Back in the days when lots of cartridges hadn't been converted to ROM image files, making a cartridge dumper was rather useful.
My first attempt was a DIP header plugged into an EPROM reader, hooked up to a few inches of ribbon cable, and wired to the appropriate pins of a salvaged Atari 2600 cartridge slot connector. This of course had many limitations, the main one being lack of support for bankswitched games, and the second one being lack of portability.
My second attempt was a 2600 cartridge slot connector hooked up to the ROM socket of a TRS-80 Color Computer disk cartridge. I wrote a DLOAD server for my Powerbook, which could load a cartridge dumper program written in BASIC. Because DLOAD used the serial port in a different way than printer output from BASIC did, I had to make a dual-headed serial cable. This dumper was quite a workhorse, and I even dumped River Patrol with it. But it still had one flaw: It couldn't dump Atari 7800 games.
So on to the third try. Since the 7800 contains a ROM with lots of extra space in it, and already has the needed cartridge slot, the obvious choice was to turn the 7800 into a cartridge dumper. At this point, two problems remained: how to detect unmapped memory addresses, and how to get the output to a computer.

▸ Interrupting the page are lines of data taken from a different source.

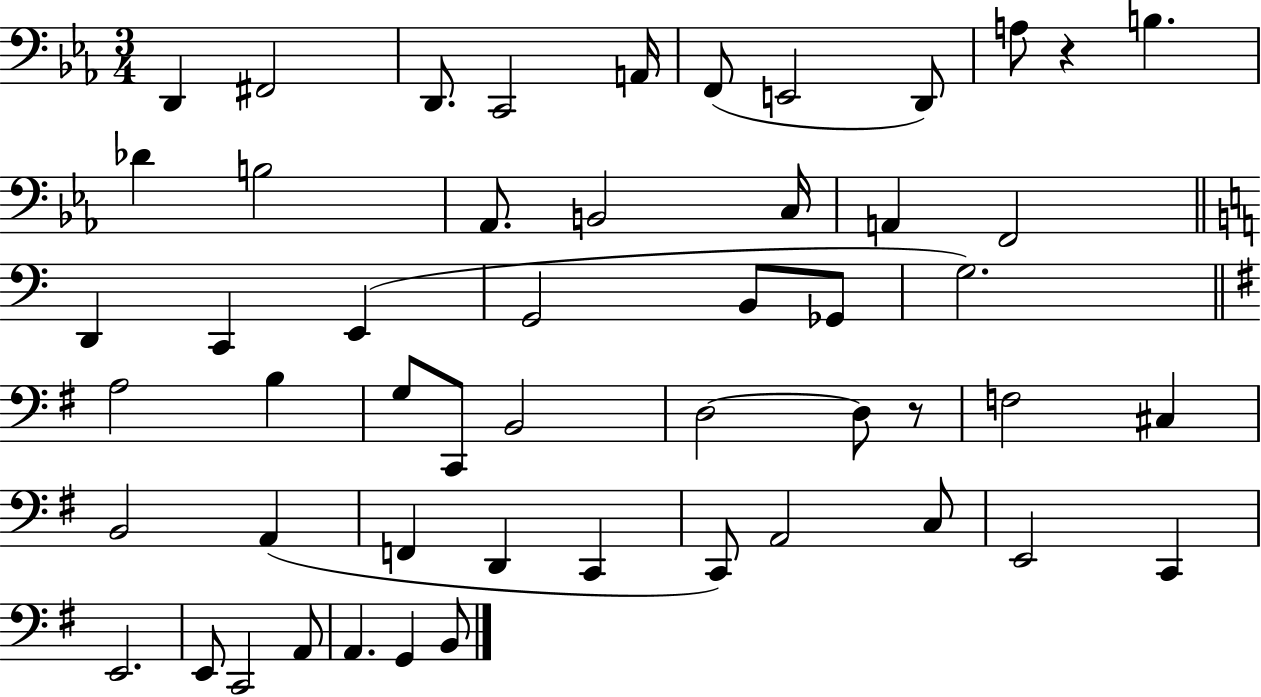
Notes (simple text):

D2/q F#2/h D2/e. C2/h A2/s F2/e E2/h D2/e A3/e R/q B3/q. Db4/q B3/h Ab2/e. B2/h C3/s A2/q F2/h D2/q C2/q E2/q G2/h B2/e Gb2/e G3/h. A3/h B3/q G3/e C2/e B2/h D3/h D3/e R/e F3/h C#3/q B2/h A2/q F2/q D2/q C2/q C2/e A2/h C3/e E2/h C2/q E2/h. E2/e C2/h A2/e A2/q. G2/q B2/e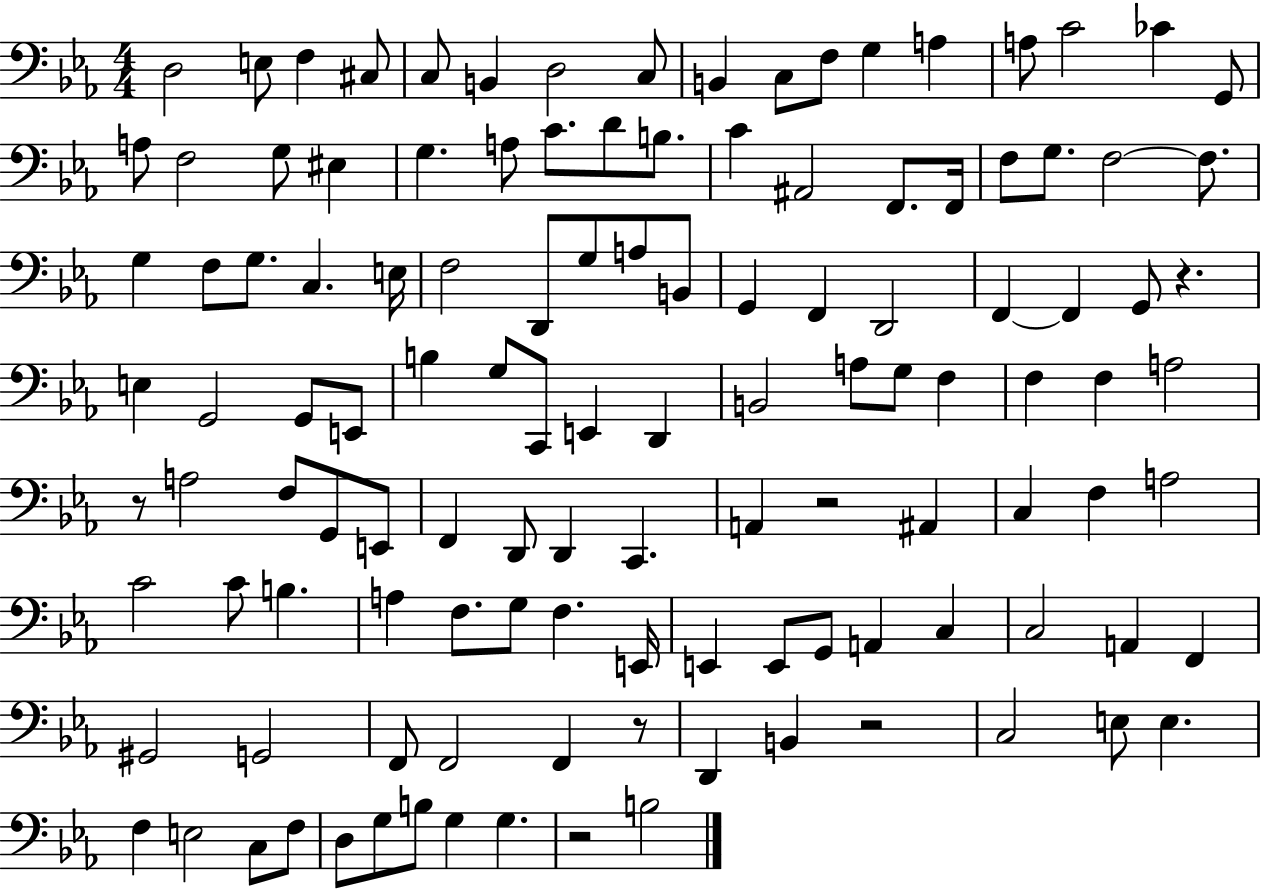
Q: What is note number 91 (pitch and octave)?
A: A2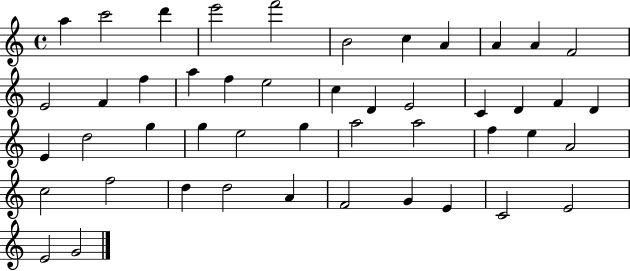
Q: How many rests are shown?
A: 0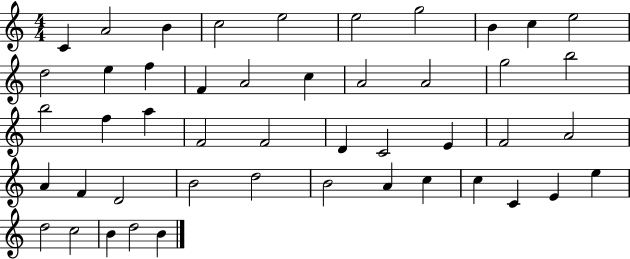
{
  \clef treble
  \numericTimeSignature
  \time 4/4
  \key c \major
  c'4 a'2 b'4 | c''2 e''2 | e''2 g''2 | b'4 c''4 e''2 | \break d''2 e''4 f''4 | f'4 a'2 c''4 | a'2 a'2 | g''2 b''2 | \break b''2 f''4 a''4 | f'2 f'2 | d'4 c'2 e'4 | f'2 a'2 | \break a'4 f'4 d'2 | b'2 d''2 | b'2 a'4 c''4 | c''4 c'4 e'4 e''4 | \break d''2 c''2 | b'4 d''2 b'4 | \bar "|."
}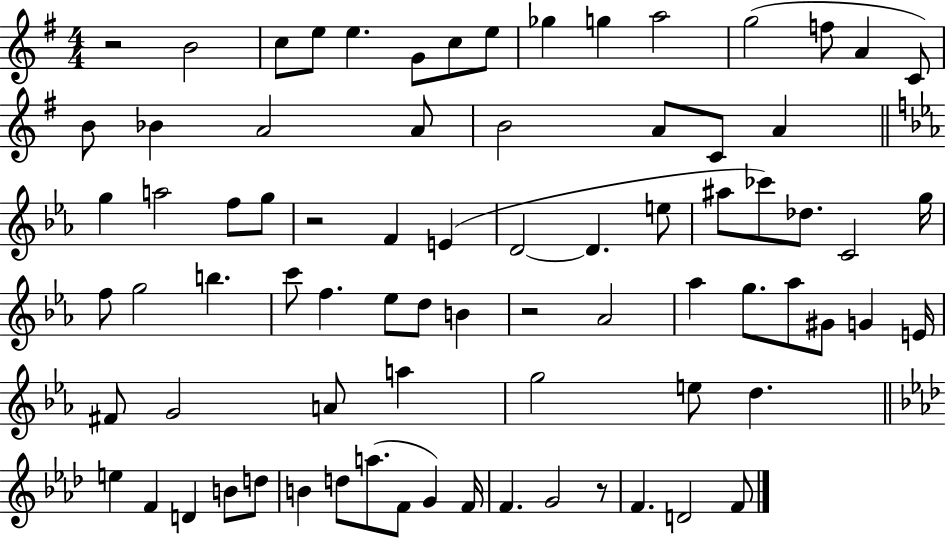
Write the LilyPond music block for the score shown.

{
  \clef treble
  \numericTimeSignature
  \time 4/4
  \key g \major
  \repeat volta 2 { r2 b'2 | c''8 e''8 e''4. g'8 c''8 e''8 | ges''4 g''4 a''2 | g''2( f''8 a'4 c'8) | \break b'8 bes'4 a'2 a'8 | b'2 a'8 c'8 a'4 | \bar "||" \break \key c \minor g''4 a''2 f''8 g''8 | r2 f'4 e'4( | d'2~~ d'4. e''8 | ais''8 ces'''8) des''8. c'2 g''16 | \break f''8 g''2 b''4. | c'''8 f''4. ees''8 d''8 b'4 | r2 aes'2 | aes''4 g''8. aes''8 gis'8 g'4 e'16 | \break fis'8 g'2 a'8 a''4 | g''2 e''8 d''4. | \bar "||" \break \key aes \major e''4 f'4 d'4 b'8 d''8 | b'4 d''8 a''8.( f'8 g'4) f'16 | f'4. g'2 r8 | f'4. d'2 f'8 | \break } \bar "|."
}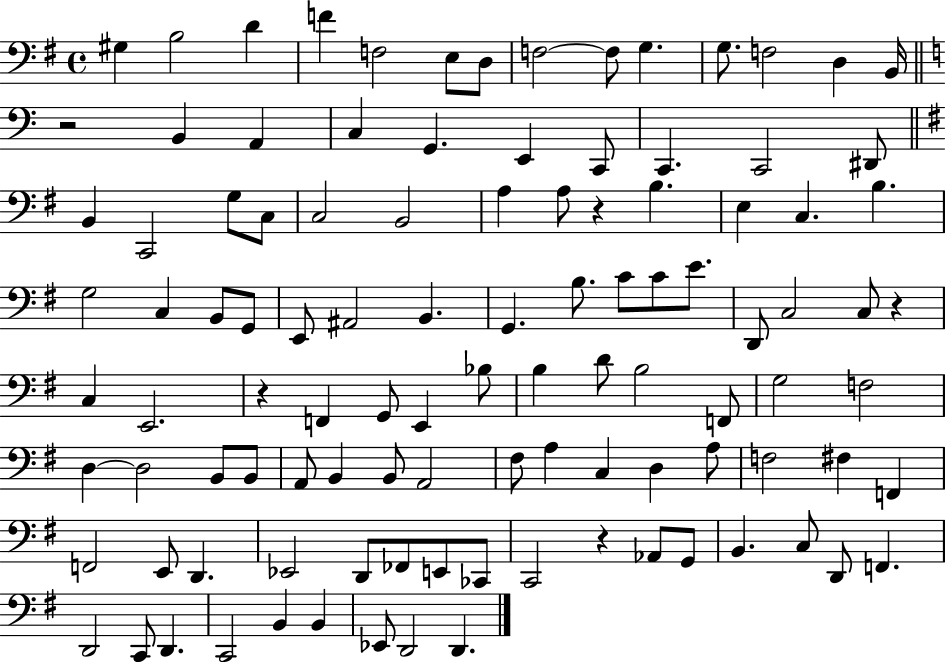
G#3/q B3/h D4/q F4/q F3/h E3/e D3/e F3/h F3/e G3/q. G3/e. F3/h D3/q B2/s R/h B2/q A2/q C3/q G2/q. E2/q C2/e C2/q. C2/h D#2/e B2/q C2/h G3/e C3/e C3/h B2/h A3/q A3/e R/q B3/q. E3/q C3/q. B3/q. G3/h C3/q B2/e G2/e E2/e A#2/h B2/q. G2/q. B3/e. C4/e C4/e E4/e. D2/e C3/h C3/e R/q C3/q E2/h. R/q F2/q G2/e E2/q Bb3/e B3/q D4/e B3/h F2/e G3/h F3/h D3/q D3/h B2/e B2/e A2/e B2/q B2/e A2/h F#3/e A3/q C3/q D3/q A3/e F3/h F#3/q F2/q F2/h E2/e D2/q. Eb2/h D2/e FES2/e E2/e CES2/e C2/h R/q Ab2/e G2/e B2/q. C3/e D2/e F2/q. D2/h C2/e D2/q. C2/h B2/q B2/q Eb2/e D2/h D2/q.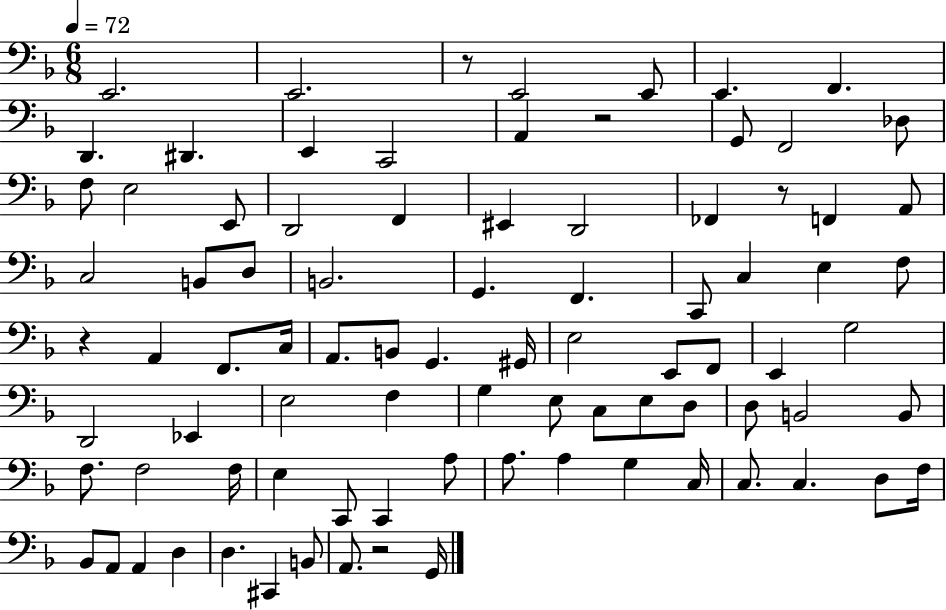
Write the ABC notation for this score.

X:1
T:Untitled
M:6/8
L:1/4
K:F
E,,2 E,,2 z/2 E,,2 E,,/2 E,, F,, D,, ^D,, E,, C,,2 A,, z2 G,,/2 F,,2 _D,/2 F,/2 E,2 E,,/2 D,,2 F,, ^E,, D,,2 _F,, z/2 F,, A,,/2 C,2 B,,/2 D,/2 B,,2 G,, F,, C,,/2 C, E, F,/2 z A,, F,,/2 C,/4 A,,/2 B,,/2 G,, ^G,,/4 E,2 E,,/2 F,,/2 E,, G,2 D,,2 _E,, E,2 F, G, E,/2 C,/2 E,/2 D,/2 D,/2 B,,2 B,,/2 F,/2 F,2 F,/4 E, C,,/2 C,, A,/2 A,/2 A, G, C,/4 C,/2 C, D,/2 F,/4 _B,,/2 A,,/2 A,, D, D, ^C,, B,,/2 A,,/2 z2 G,,/4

The unmapped memory address problem turned out to be easier than I thought. I started with my 7800 EPROM modification, and only had to add one resistor block (image) (10K ohms was handy at the time) to pins 26 to 33 of the CPU, making a pull-up to +5 volts. This way, unmapped memory would read as all ones.
The output was a little more difficult, but I had seen code for 1200/2400 baud output through the joystick port which used the horizontal sync as a master clock. Then I used the cable from a TI 99/4 joystick (because it had the necessary pin and wire for five volts power) and a MAX-232 chip to generate the RS-232 output signal.
After this, it was all software. It was able to recognize and dump most 2600 and 7800 bankswitching methods, erring on the side of too much information when possible.
For user input, I had it check the pause button during startup. If the pause button was pressed, it would automatically start dumping the cartridge without the need for any more input. Otherwise it would play the game as normal. (I apparently got tired of this and commented out the jump before label LD5A5.) While I was at it, I also disabled the digital signature check to allow it to run unsigned games. (If you want to do that to a regular 7800 BIOS, just change the byte at F4F5 to zero.)
Binary boot ROM image: 7800dump.bin
Source code: 7800dump.asm
7800 BIOS ROM in Intel hex format: 7800bios.hex
Note: 7800dump.asm is meant to be overlaid on top of a standard 7800 BIOS ROM image! If you use an assembler which generates Intel hex output, you can just concatenate it after 7800bios.hex and make a ROM image from that. With my own assembler, the following commands will do this:
asm6502 -l -o -w -e dump.asm
cat 7800bios.hex dump.asm.hex | makerom -b E000 >7800dump.bin
Then burn 7800dump.bin to a 2764 EPROM. If you are using a 27128, simply change "-b E000" to "-b C000".